[Short text fragments from websites]
-*-*-
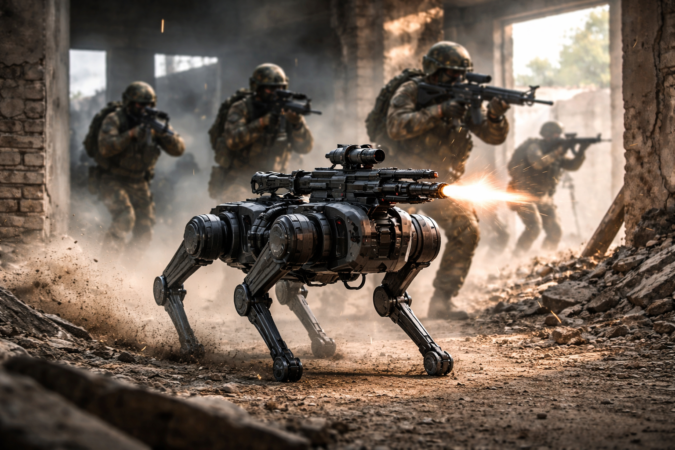 Armed quadruped robot dog firing weapon while soldiers advance in urban combat environment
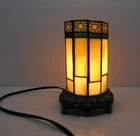 VTG. 1999 Tiffany Style Stained Glass Accent Lamp Mission Arts Crafts Octagon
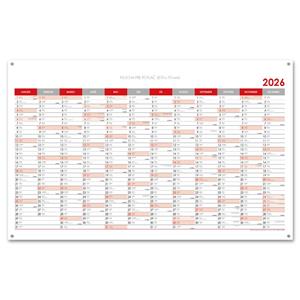 Ścienna mapa planer 2026 SK z oczkami na zawieszenie - 100 x 63 cm - czerwony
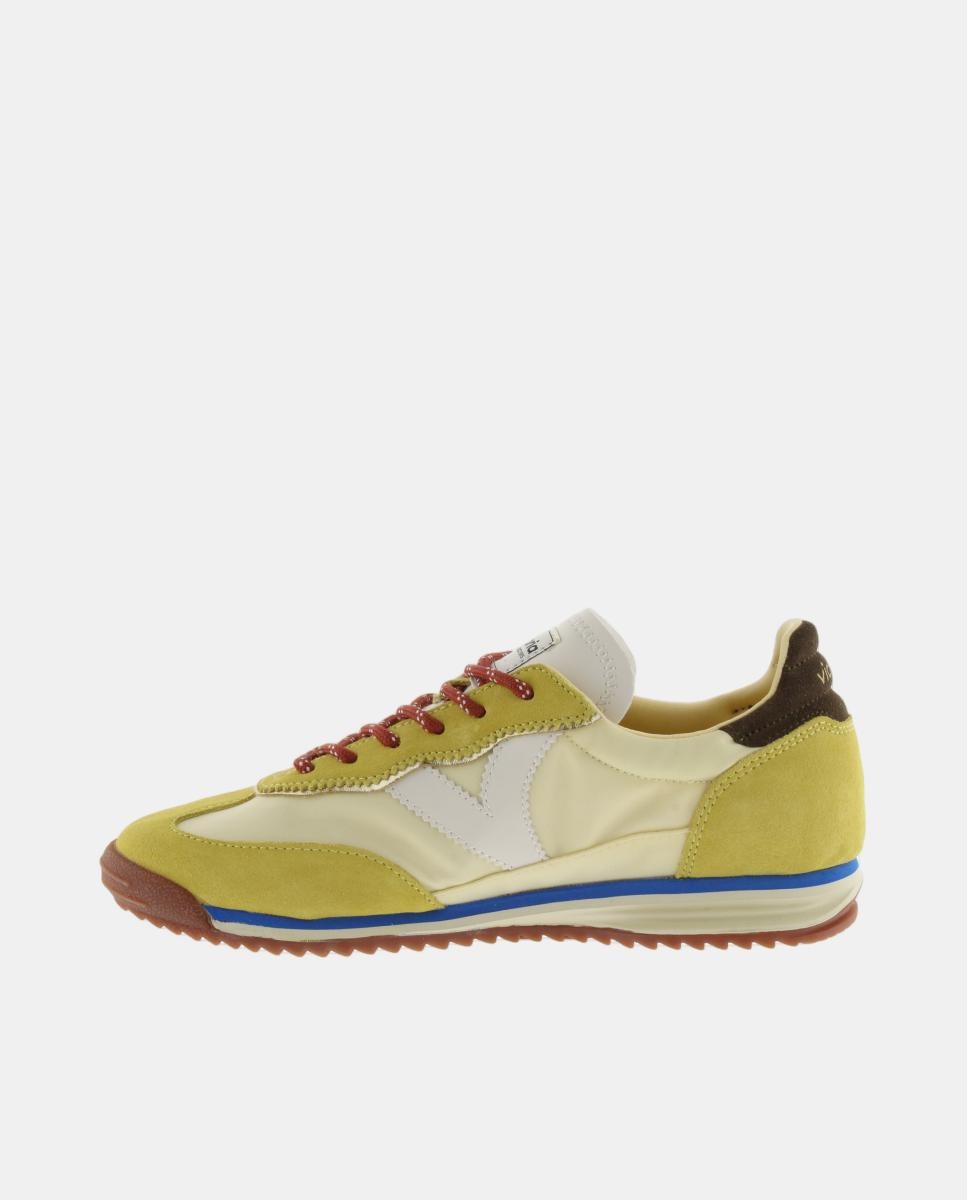 Sapatilhas Desportivas de Nylon com Peças de Croute a Condizer e Sola em Serra Amarelo-3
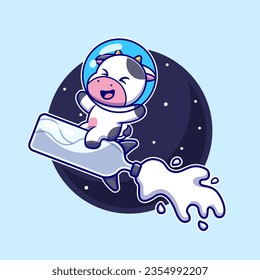 Cute Cow Astronaut Riding Milk Rocket In Space Cartoon Vector Icon Illustration. Animal Drink Icon Concept Isolated Premium Vector. Flat Cartoon Style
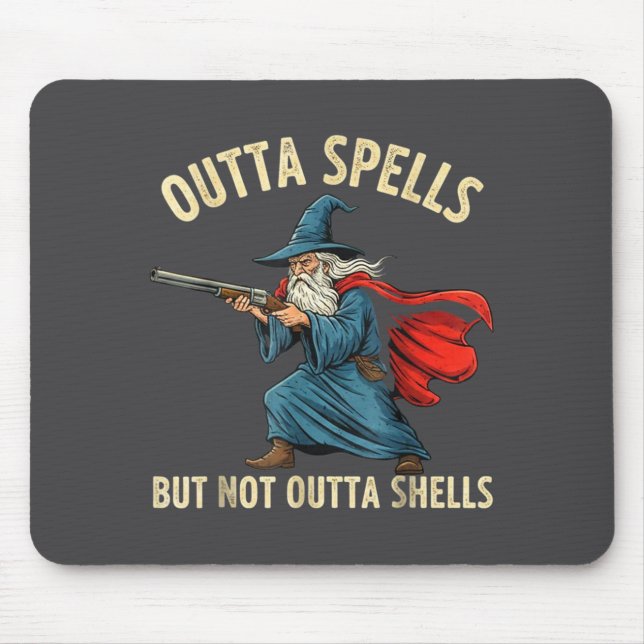 Tapis De Souris Outta Spells But Not Shells Wizard Meme  (Devant)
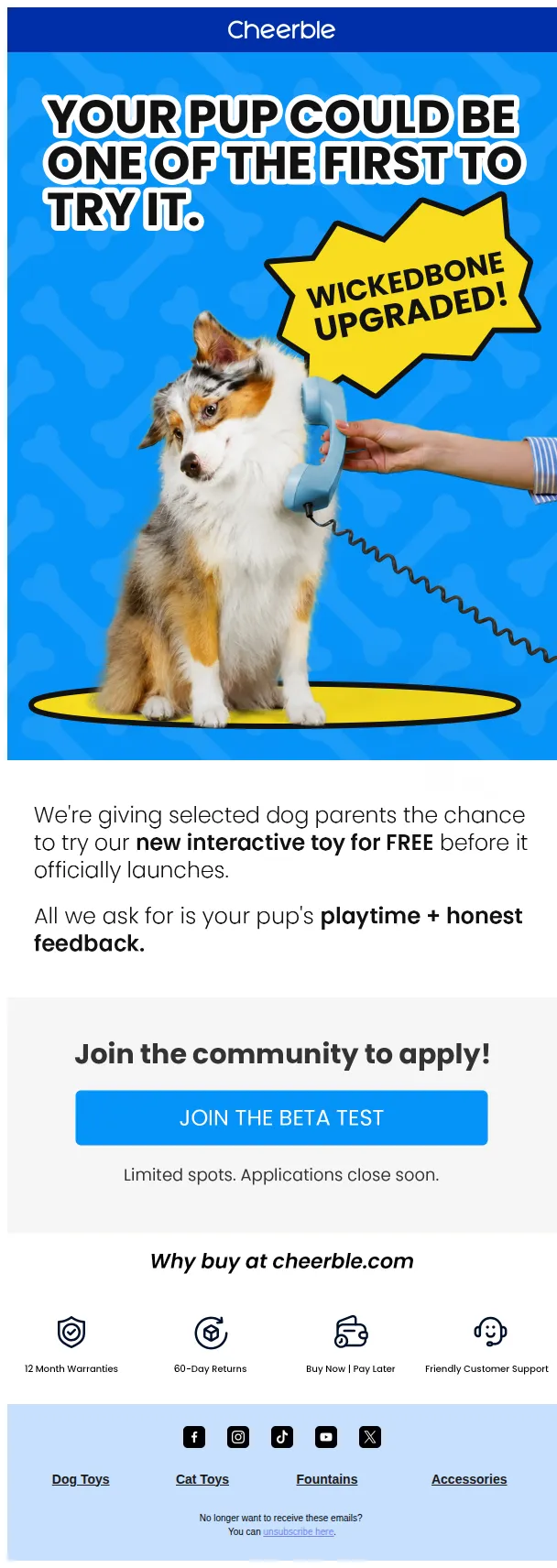 Cheerble email: 📢Calling All Dog Parents: Join Our Exclusive Beta Test!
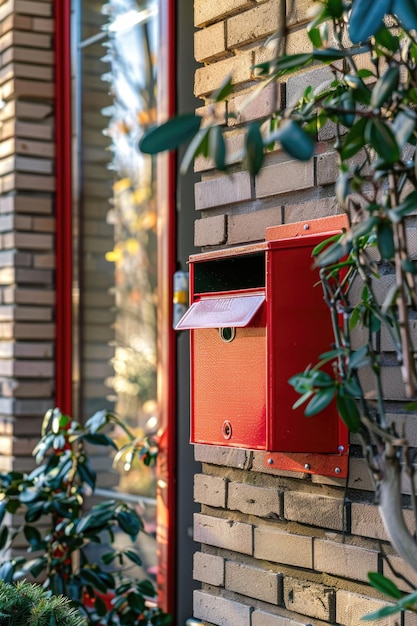 Photo a red mailbox sitting on the side of a brick building ideal for use in urban or rustic themed images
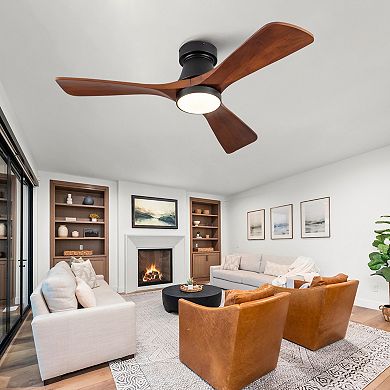 ELEMENT ACE Flush Mount Ceiling Fan with Dimmable LED Light and Reversible Motor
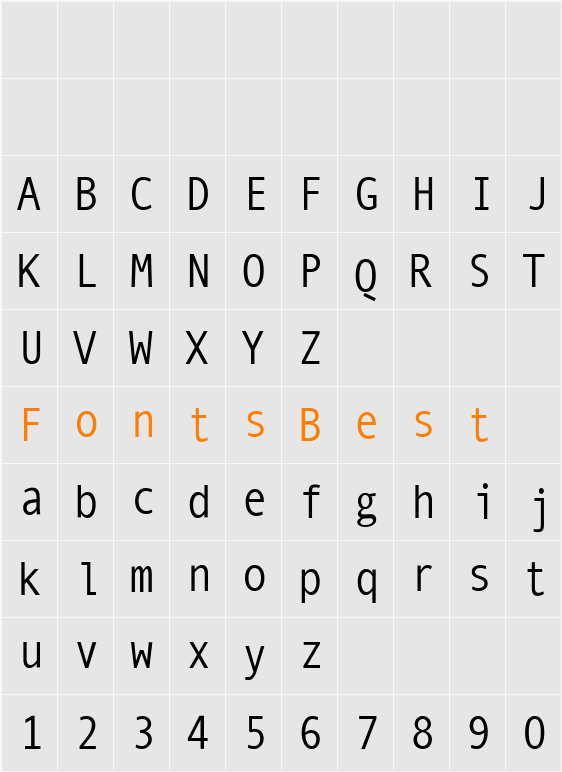 MonoSpatial Character Map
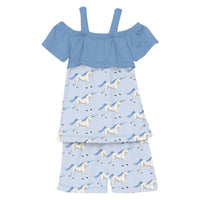 Kickee - Girls' Bamboo Print Off-Shoulder Set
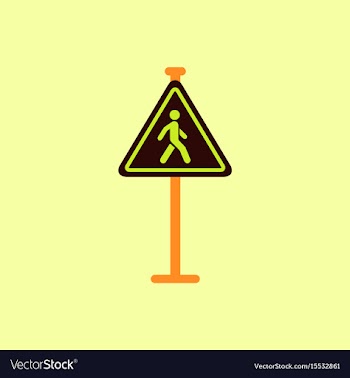Crosswalk traffic signman walking road sign vector image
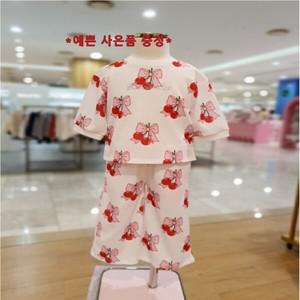 프렌치캣8 화이트 리본 앵두 티셔츠 팬츠세트 (q42dat090 q42dap070j)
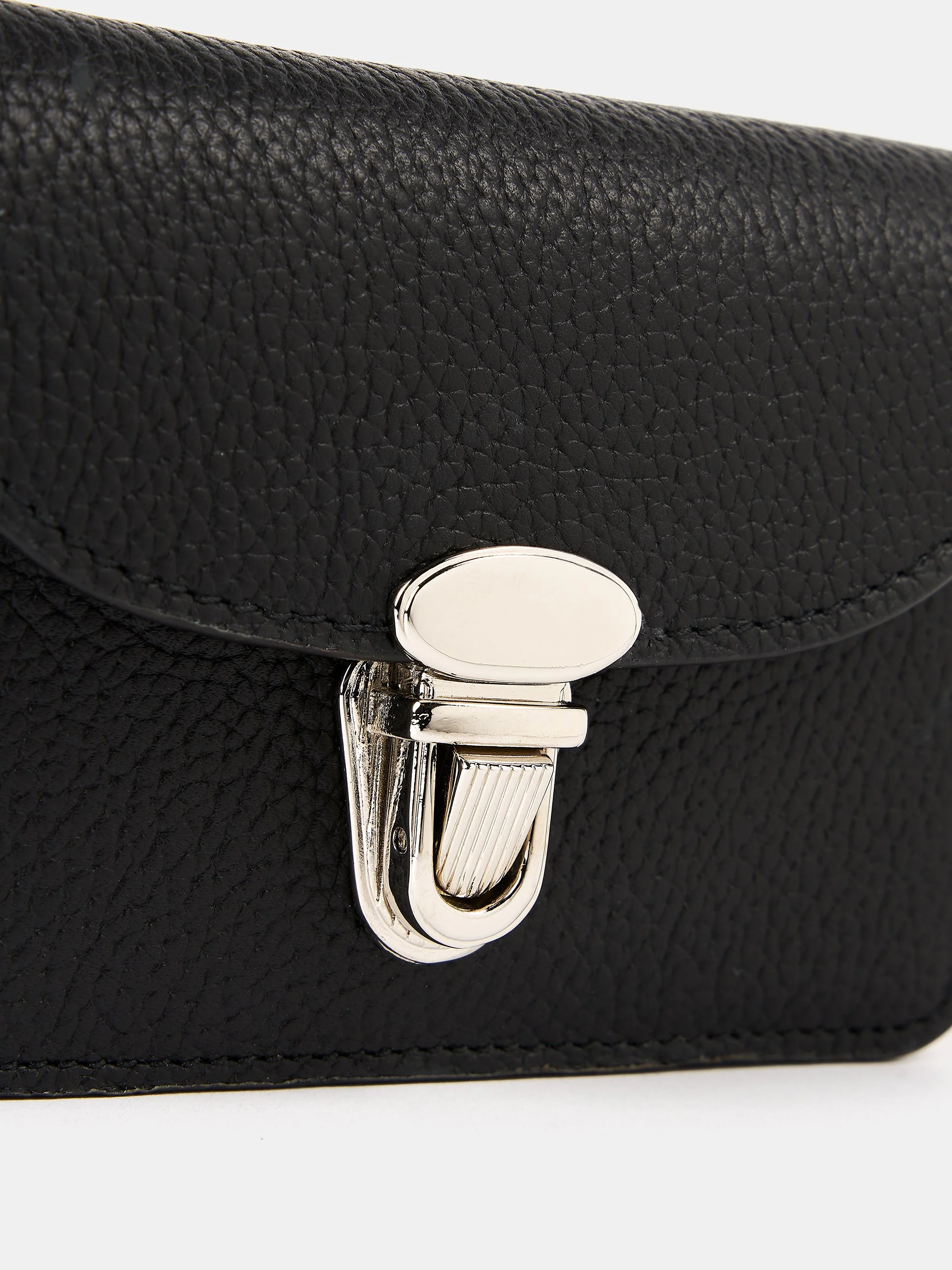 The Small Push Lock Purse - Black Madras Grain - Image 3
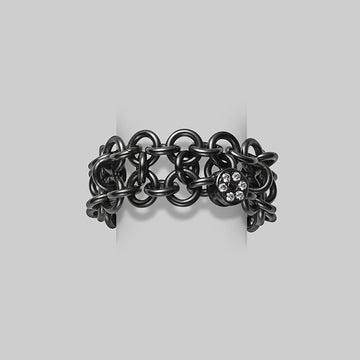 Passionoir Diamond and Black Rhodium Plated Chain Ring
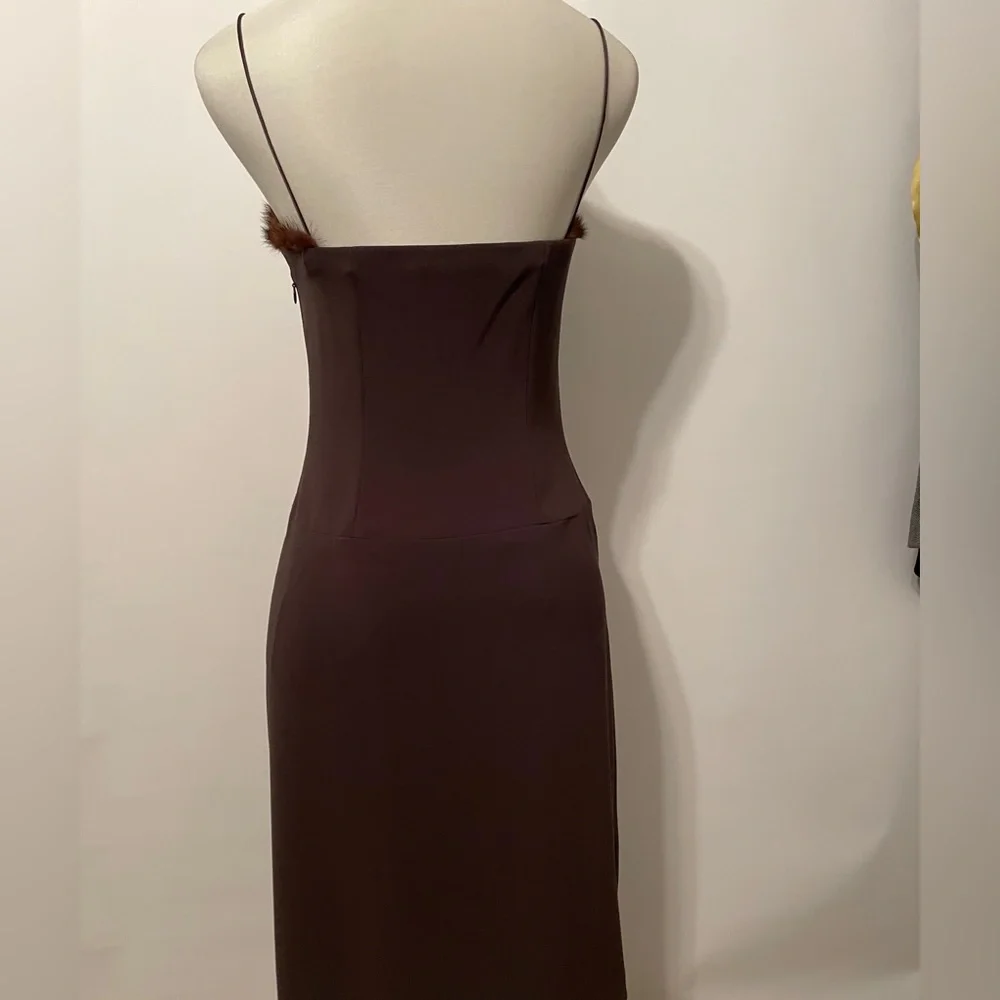 Tahari Striking Mink trimmed Spaghetti Strap Dress - Picture 3 of 13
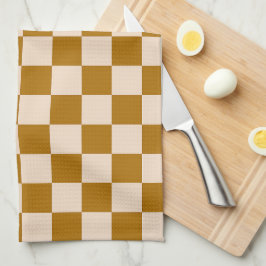 Pano De Prato Brown and beige checkerboard pattern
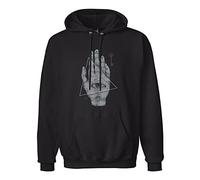 Ji Wei Yu Men's Sacred Geometry Hand Of The Mysteries Pullover Hoodies Long Sleeve Sweatshirts 3XL Black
-*-*-
» **Try it**
Print once more, exactly, the lines from the one with "Pano De Prato" through the last line of the data, both ends included, without any pictures.

» **Written response**
 Pano De Prato Brown and beige checkerboard pattern
 Ji Wei Yu Men's Sacred Geometry Hand Of The Mysteries Pullover Hoodies Long Sleeve Sweatshirts 3XL Black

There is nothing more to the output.